実売価格1万円を切る製品としては驚きの完成度で、この価格帯で10mmドライバーユニットやANC、外音取り込みなど必要な機能は全て搭載。
音場の広がりこそ3万円前後の製品には及ばないものの、音の解像度や立体感はしっかりと感じさせてくれます。
マイク性能はこの価格帯の製品の中ではトップクラスで、総合的に判断しても良い買い物と感じることができるコスパの高いおすすめの製品です。

Contents
HA-A50Tの通話品質と音質をチェック
まずは、最も気になる通話品質と音質をチェックしていきましょう。
HA-A50Tのマイク性能
HA-A50Tの通話性能は、1万円以下の完全ワイヤレスイヤホンの中ではトップクラスだといえるでしょう。

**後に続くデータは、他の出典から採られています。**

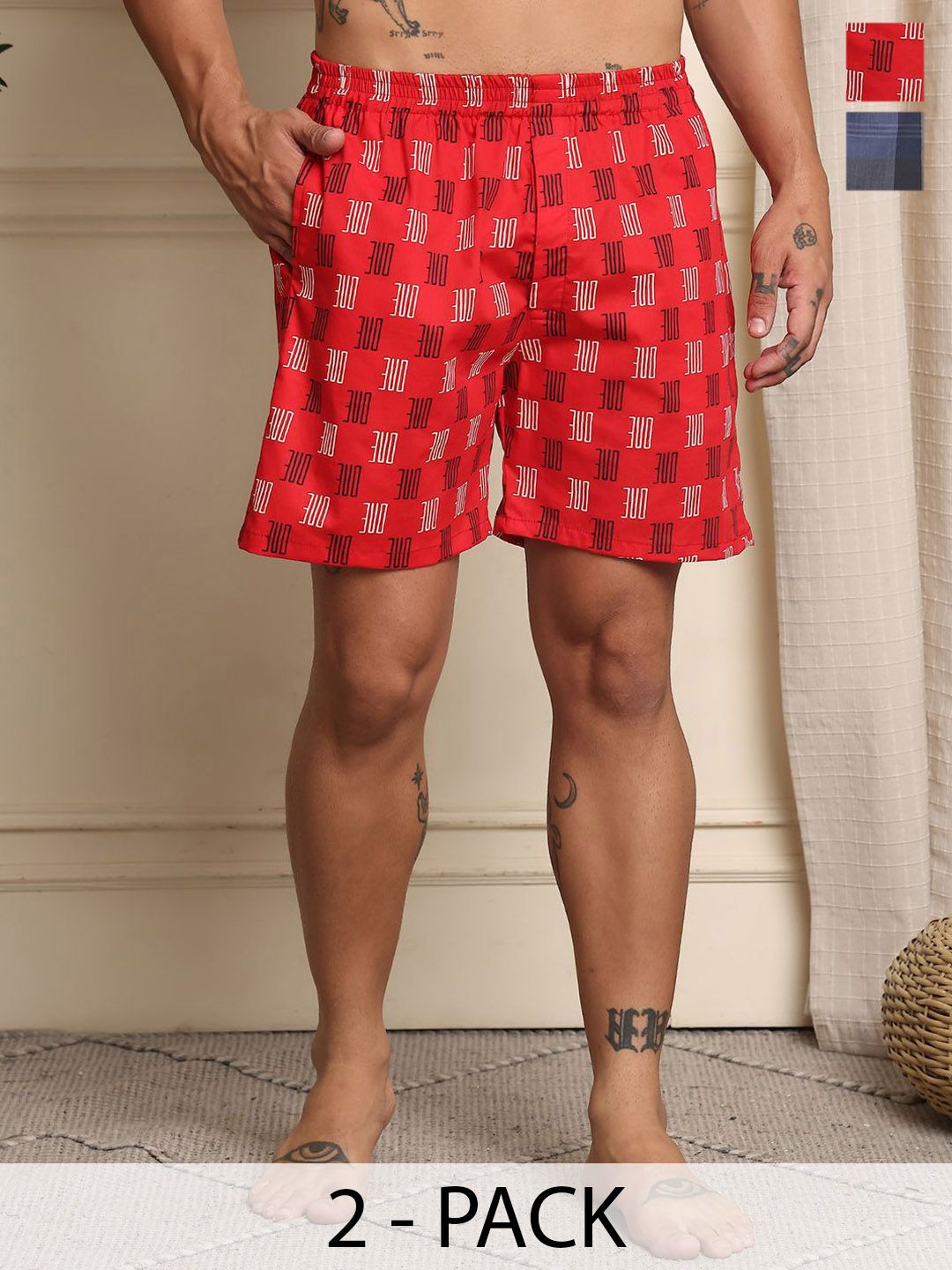 Mast & Harbour Pack Of 2 Printed Super Combed Cotton Boxers BOXCOM131-S-picture-33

この価格帯の製品だとマイクと離れて話しているように聴こえたり、周囲のノイズを拾いすぎたりというものが多いのですが、HA-A50Tは十分使用に耐えうる通話品質です。
この価格でここまで通話品質が良いとは予想していなかったので、正直びっくりしたくらい。
以下はオフィスの中でHA-A50Tのマイクテストを行ったときのものです。
若干引っかかる感じというか声がこもった印象はあるものの、声は明瞭に聞こえますし、周囲のノイズもかなりカットされています。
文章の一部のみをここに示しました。